Work to complete: Without the images, reproduce each line of the material exactly.

Data block:
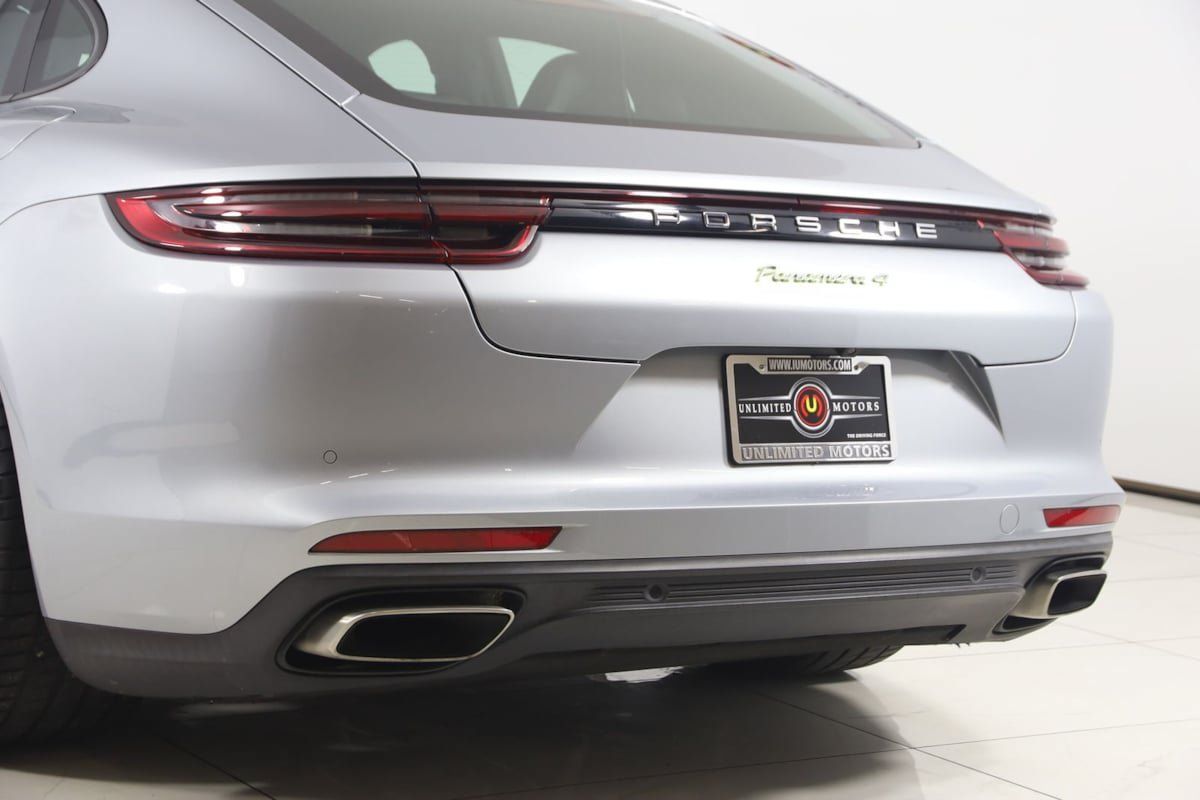 Used 2018 Porsche Panamera 4 AWD/4WD image 31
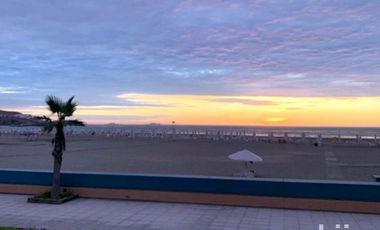 PRECIOSA CASA DE PLAYA EN PRIMERA FILA EN VENTA EN CONDOMINIO PRIVADO KM 121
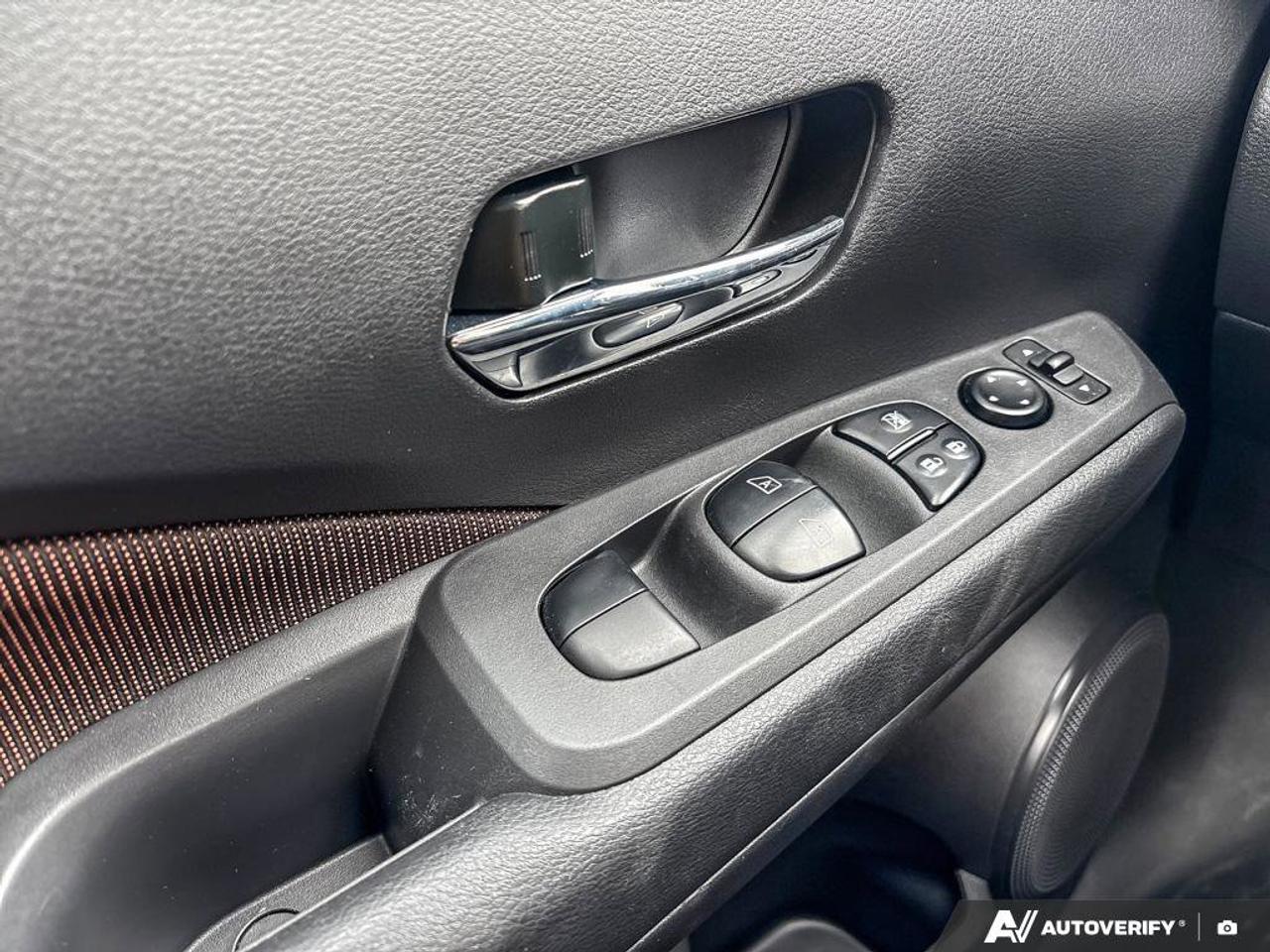 2024 Nissan Kicks SR   Heated Seats   Apple CarPlay   Heated Steerin Photo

Task answer:
 Used 2018 Porsche Panamera 4 AWD/4WD image 31
 PRECIOSA CASA DE PLAYA EN PRIMERA FILA EN VENTA EN CONDOMINIO PRIVADO KM 121
 2024 Nissan Kicks SR   Heated Seats   Apple CarPlay   Heated Steerin Photo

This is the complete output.